Bores sponsored the Raise Act, which requires large AI labs to publish detailed safety protocols. The Guardian reports it is the second such state law in the country. It passed roughly a year ago. Within months, a constellation of pro-AI political action committees, anchored by Think Big, an affiliate of the bipartisan network Leading the Future, had identified Bores as the proxy target for a broader argument about whether states or the federal government should set AI rules.
The financial scale is unusual. AI-focused super PACs have raised roughly $100 million in the current midterm cycle, with about $44 million already spent across dozens of congressional races. Nearly half of that outlay has converged on a single Democratic primary in New York's 12th Congressional District, which spans lower Manhattan and parts of Brooklyn. The money is highly concentrated: four donors have contributed roughly $75 million to the broader network, according to Federal Election Commission filings as reported by The Guardian.
The industry frames the fight as a federalism question. The publicly stated position of Leading the Future and its affiliates is that AI policy should be set federally, not through a patchwork of state laws. Critics read the spending differently. Brad Carson, identified by The Guardian as a co-founder of Public First, a pro-safety advocacy group, said the campaign amounted to a message: "regulate AI, and we will find you." A New York Times op-ed characterized the anti-Bores blitz as the industry moving "too aggressively" against a single state legislator. The Guardian's framing of an "AI civil war" captures the rhetorical temperature. The mechanism underneath is campaign finance.
A counter-coalition is also spending. Public First, alongside groups called Jobs and Democracy and You Can Push Back, have raised their own sums to defend Bores and to argue that coordinated pressure is itself the story. Their claim: this is the first cycle in which a new industry has deployed primary elections as a deterrent against any policymaker who touches AI governance. If Bores loses, the message travels. If he wins, the industry recalibrates.
That structural reading is what makes the race more than a local contest.
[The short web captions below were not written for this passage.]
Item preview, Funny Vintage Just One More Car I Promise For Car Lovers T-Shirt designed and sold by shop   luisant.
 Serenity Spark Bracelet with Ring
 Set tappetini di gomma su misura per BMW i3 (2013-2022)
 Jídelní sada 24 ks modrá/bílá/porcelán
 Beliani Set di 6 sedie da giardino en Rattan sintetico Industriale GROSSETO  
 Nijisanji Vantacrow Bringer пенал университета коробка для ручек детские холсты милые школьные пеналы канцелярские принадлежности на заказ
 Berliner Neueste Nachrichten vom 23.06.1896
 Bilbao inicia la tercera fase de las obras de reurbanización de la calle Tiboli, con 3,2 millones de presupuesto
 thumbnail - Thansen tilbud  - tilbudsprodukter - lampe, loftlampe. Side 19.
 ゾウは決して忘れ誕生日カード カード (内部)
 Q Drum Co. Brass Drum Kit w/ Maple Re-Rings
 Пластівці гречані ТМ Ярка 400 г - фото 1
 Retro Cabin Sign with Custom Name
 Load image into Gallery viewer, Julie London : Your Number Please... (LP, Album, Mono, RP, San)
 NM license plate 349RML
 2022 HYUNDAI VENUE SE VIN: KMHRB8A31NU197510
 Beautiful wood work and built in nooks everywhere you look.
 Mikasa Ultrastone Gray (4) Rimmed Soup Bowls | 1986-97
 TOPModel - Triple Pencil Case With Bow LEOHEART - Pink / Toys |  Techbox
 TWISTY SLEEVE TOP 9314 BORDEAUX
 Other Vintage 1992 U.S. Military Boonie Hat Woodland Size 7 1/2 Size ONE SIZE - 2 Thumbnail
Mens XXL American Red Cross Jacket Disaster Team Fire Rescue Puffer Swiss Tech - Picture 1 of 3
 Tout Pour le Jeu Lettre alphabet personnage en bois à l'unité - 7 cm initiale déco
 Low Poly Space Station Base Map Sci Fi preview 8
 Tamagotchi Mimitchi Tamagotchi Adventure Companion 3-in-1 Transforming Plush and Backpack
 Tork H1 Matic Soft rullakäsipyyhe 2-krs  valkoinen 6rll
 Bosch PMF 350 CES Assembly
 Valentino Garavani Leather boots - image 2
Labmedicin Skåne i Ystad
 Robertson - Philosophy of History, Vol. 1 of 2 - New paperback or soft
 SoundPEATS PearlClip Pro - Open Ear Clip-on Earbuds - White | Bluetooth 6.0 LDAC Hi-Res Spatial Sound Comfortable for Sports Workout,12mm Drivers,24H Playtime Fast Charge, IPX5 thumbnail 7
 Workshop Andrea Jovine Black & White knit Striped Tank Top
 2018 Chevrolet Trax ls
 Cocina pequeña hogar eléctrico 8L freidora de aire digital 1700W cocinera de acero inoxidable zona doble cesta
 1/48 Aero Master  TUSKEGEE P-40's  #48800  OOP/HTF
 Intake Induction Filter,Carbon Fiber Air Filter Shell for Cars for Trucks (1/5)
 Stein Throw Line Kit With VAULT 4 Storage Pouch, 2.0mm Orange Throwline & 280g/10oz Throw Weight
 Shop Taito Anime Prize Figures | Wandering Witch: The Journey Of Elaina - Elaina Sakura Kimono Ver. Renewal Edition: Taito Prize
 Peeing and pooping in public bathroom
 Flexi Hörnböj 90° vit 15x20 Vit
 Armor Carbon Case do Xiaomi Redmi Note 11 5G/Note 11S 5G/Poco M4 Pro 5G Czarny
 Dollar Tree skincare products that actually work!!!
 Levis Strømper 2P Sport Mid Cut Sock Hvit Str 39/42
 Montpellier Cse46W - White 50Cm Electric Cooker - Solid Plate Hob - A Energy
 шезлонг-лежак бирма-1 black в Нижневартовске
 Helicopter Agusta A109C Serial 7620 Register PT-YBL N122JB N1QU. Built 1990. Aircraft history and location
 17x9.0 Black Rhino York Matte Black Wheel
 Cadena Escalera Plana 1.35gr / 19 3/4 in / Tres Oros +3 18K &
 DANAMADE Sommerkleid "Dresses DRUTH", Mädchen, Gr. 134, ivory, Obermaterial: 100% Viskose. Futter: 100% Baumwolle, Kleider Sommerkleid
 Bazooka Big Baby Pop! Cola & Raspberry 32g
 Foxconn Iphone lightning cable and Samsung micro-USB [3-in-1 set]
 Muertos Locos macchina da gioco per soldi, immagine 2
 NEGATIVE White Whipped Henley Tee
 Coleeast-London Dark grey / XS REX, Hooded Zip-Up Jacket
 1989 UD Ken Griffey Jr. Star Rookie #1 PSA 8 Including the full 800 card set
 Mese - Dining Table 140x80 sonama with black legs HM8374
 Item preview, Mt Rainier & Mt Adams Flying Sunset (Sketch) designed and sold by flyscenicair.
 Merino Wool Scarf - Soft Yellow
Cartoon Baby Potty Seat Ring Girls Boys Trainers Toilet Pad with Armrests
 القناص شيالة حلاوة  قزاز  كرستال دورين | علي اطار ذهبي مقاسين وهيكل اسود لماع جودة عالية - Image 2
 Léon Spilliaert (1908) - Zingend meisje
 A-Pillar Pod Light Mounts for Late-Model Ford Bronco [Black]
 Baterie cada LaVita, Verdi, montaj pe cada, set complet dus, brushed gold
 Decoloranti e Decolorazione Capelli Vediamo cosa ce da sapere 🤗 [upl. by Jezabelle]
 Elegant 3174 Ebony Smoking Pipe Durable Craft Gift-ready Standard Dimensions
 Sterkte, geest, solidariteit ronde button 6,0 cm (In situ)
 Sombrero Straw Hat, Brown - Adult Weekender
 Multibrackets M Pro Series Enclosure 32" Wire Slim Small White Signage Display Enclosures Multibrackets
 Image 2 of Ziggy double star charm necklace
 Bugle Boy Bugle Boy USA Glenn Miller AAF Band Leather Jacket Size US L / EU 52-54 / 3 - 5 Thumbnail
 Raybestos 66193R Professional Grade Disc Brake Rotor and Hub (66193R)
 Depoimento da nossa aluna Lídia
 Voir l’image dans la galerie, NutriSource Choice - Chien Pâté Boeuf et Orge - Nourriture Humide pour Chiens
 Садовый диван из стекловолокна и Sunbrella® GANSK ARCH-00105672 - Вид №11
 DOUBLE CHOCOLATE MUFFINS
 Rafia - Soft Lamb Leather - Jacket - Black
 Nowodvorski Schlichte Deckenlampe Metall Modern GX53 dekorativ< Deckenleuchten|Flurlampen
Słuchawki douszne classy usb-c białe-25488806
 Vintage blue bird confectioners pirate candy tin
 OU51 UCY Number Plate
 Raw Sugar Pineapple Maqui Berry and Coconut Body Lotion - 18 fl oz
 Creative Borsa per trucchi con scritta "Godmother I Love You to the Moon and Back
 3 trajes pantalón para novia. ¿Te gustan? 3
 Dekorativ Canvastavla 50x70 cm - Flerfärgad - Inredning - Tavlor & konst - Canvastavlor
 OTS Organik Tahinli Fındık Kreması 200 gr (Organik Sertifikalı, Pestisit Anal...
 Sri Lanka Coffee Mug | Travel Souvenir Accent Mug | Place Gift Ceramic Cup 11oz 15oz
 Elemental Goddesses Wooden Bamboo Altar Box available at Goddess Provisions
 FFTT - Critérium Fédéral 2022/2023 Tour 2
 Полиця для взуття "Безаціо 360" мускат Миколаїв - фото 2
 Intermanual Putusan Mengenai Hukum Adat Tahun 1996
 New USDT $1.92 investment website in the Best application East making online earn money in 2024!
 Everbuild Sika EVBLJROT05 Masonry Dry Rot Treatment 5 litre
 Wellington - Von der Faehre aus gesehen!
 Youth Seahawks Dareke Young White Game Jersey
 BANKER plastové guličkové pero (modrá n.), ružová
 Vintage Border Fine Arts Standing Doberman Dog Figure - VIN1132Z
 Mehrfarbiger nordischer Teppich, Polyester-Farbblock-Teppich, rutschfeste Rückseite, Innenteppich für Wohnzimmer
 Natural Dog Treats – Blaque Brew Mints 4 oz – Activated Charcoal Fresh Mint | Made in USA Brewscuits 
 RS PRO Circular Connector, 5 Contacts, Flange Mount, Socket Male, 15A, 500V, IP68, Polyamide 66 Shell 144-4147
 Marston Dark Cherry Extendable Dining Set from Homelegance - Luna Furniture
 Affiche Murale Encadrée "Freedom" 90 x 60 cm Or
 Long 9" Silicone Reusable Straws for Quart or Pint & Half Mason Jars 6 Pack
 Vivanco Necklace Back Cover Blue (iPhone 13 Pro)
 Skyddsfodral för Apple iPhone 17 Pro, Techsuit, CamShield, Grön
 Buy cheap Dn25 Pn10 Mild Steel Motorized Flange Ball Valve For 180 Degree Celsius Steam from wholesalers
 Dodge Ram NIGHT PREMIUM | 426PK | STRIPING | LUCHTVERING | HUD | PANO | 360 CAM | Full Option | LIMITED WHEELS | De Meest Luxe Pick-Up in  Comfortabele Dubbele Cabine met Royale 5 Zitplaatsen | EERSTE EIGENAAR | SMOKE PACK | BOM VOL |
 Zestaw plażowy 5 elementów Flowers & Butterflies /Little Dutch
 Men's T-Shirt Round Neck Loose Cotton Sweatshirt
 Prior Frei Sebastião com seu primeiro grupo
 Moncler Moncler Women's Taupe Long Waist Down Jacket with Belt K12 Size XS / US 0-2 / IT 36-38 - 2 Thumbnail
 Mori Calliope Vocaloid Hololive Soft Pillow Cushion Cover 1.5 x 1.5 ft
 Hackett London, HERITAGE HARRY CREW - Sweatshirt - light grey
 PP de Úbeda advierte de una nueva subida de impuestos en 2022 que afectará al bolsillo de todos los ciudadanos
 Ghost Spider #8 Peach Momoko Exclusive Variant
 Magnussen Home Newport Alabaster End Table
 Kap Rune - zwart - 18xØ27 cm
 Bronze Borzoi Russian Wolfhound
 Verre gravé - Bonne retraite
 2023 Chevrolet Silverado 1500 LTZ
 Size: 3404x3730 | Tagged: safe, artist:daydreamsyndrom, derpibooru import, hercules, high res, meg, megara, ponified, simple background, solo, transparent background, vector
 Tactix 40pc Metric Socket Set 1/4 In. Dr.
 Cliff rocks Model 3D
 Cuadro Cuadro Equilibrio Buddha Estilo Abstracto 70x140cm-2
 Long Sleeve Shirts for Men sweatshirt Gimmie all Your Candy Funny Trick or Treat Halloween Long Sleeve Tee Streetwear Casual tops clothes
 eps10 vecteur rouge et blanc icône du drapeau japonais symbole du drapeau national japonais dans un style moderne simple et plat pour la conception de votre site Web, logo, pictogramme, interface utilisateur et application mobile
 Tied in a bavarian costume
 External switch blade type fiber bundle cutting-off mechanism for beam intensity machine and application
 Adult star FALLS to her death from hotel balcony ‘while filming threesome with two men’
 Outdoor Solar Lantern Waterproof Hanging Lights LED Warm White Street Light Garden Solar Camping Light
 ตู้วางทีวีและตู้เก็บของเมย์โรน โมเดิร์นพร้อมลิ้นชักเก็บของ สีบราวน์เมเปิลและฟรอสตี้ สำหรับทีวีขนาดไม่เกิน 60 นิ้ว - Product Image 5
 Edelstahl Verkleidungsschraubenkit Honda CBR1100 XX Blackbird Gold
The Raise Act does not ban AI development, levy new taxes, or impose the headline-grabbing restrictions that have defined earlier tech regulation fights. It requires transparency. The fact that transparency alone drew roughly $8 million in attack spending against the bill's author suggests the industry treats disclosure as a category of regulation worth killing at the source.
The risk for both sides is precedent. For the AI industry, spending at this scale to defeat a single state legislator sets a template: identify the lawmaker, identify the primary, outspend the local race. For pro-governance advocates, the same template works in reverse, but it requires matching the industry's fundraising speed, something most state-level coalitions have never had to do. The result, win or lose on Tuesday, will be read as a signal by every state legislator weighing a similar bill in 2027 and beyond.
The primary is Tuesday. New York's 12th District has not historically been a national bellwether. This year it is, by default, the first move in what both sides expect to be a longer fight.